Nieuw Sinfonietta Amsterdam, zoals Amsterdam Sinfonietta vroeger heette, duikt in zijn beginjaren vaak in onze concerten op. In hun programma’s bestrijken ze vaak een breed scala aan tijden en stijlen. Juist rond 1990, toen de “authentieke” uitvoeringspraktijk het definitief leek te winnen, blijven zij alles spelen. Ook in dit concert spelen ze weer stukken van Mozart tot Stravinski en alles wat daartussen zit.
Mozarts Symfonie in A KV 201 is geknipt voor een klein orkest als dit, en met zijn rococo-vrolijkheid zeer geschikt als opener. Ook zijn Hoboconcert zal mensen over het algemeen niet somber stemmen.
Van Mendelssohn kent iedereen wel de Italiaanse symfonie, maar zijn negende symfonie?
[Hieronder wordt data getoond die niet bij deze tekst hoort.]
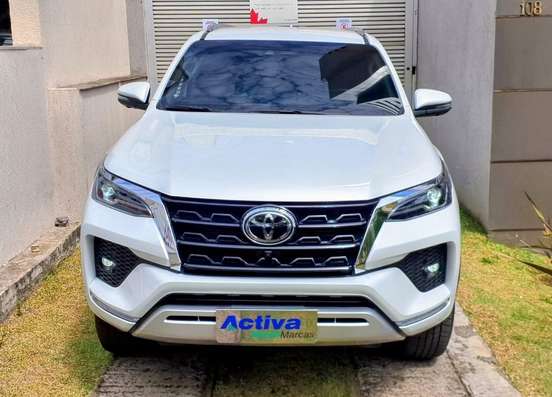 TOYOTA-HILUX SW4-2023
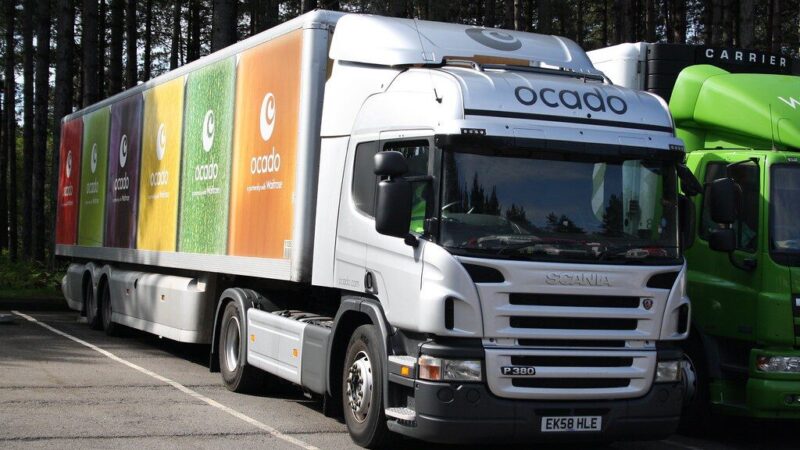 Tūkstančiai darbuotojų neteks darbo: sužinokite, kas privertė „Ocado Group“ griebtis taupymo plano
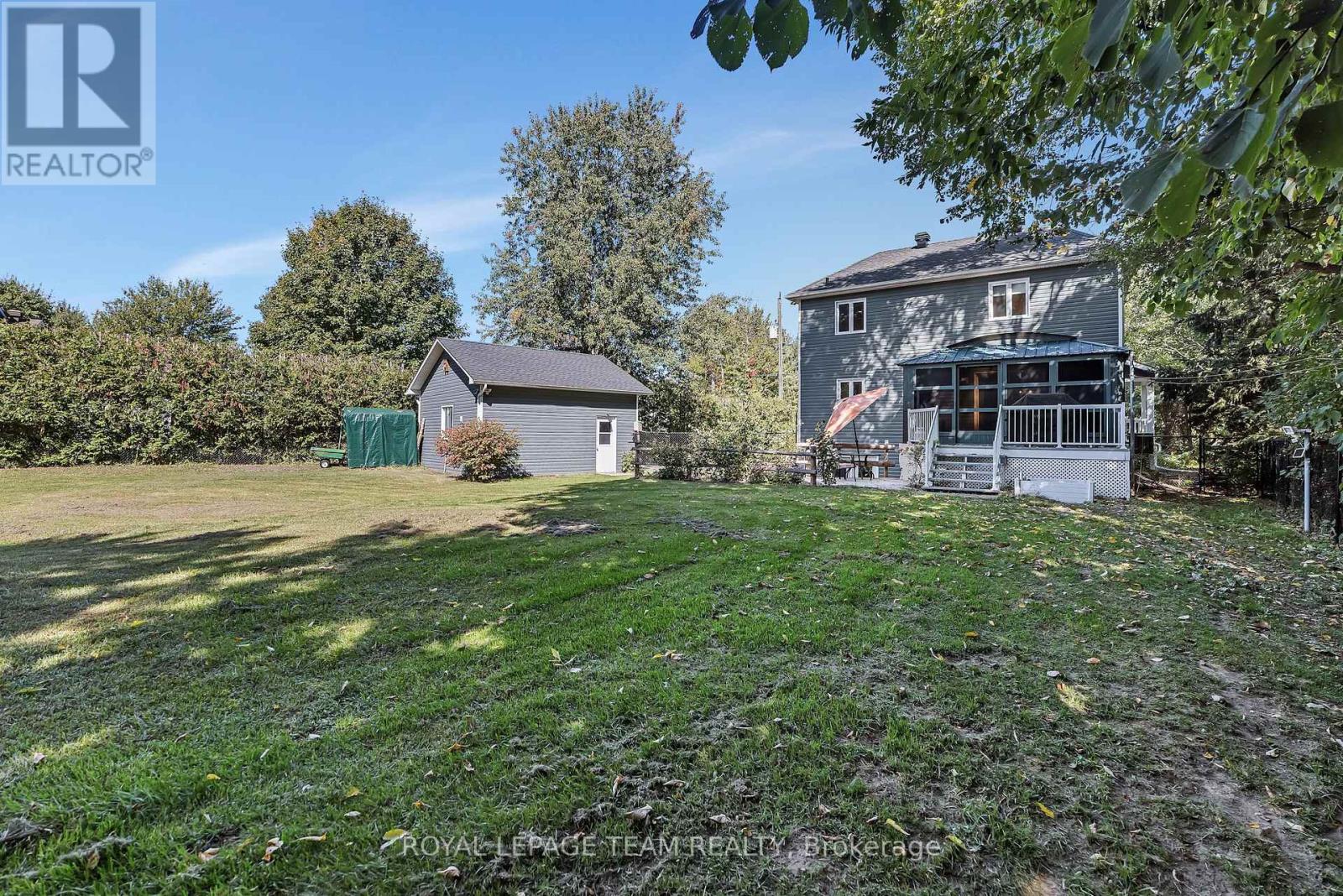 154 Cardinal Crescent, Clarence-Rockland, Ontario  K4K 1K9 - Photo 23 - X12409552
Heeft hij er zoveel geschreven? Jazeker. Maar zijn Negende symfonie in c schreef Mendelssohn als tiener. Na twaalf symfonieën voor strijkorkest, en een fragment van een dertiende, ging Mendelssohn symfonieën voor groot orkest componeren. Daarbij begon hij opnieuw te tellen, want nummer 1 t/m 12 beschouwde hij als ‘jeugdzonden’. Nergens voor nodig, want het is uitstekende muziek waarin de componist eens te meer zijn vroegrijpheid toont.
Het Concert in D voor strijkorkest van Stravinski, ook bekend als het “Baselse concert” omdat het in opdracht van Paul Sacher voor het Basler Kammerorchester werd geschreven, stamt uit 1946. Het laat Stravinski horen zoals we hem kennen: onsentimenteel, neoklassiek, altijd bereid tot experiment maar ook weer niet al te gek. Van zijn “bekering” tot de twaalftoonsmuziek, die een paar jaar later plaatsvond, is in dit werk nog niets te merken.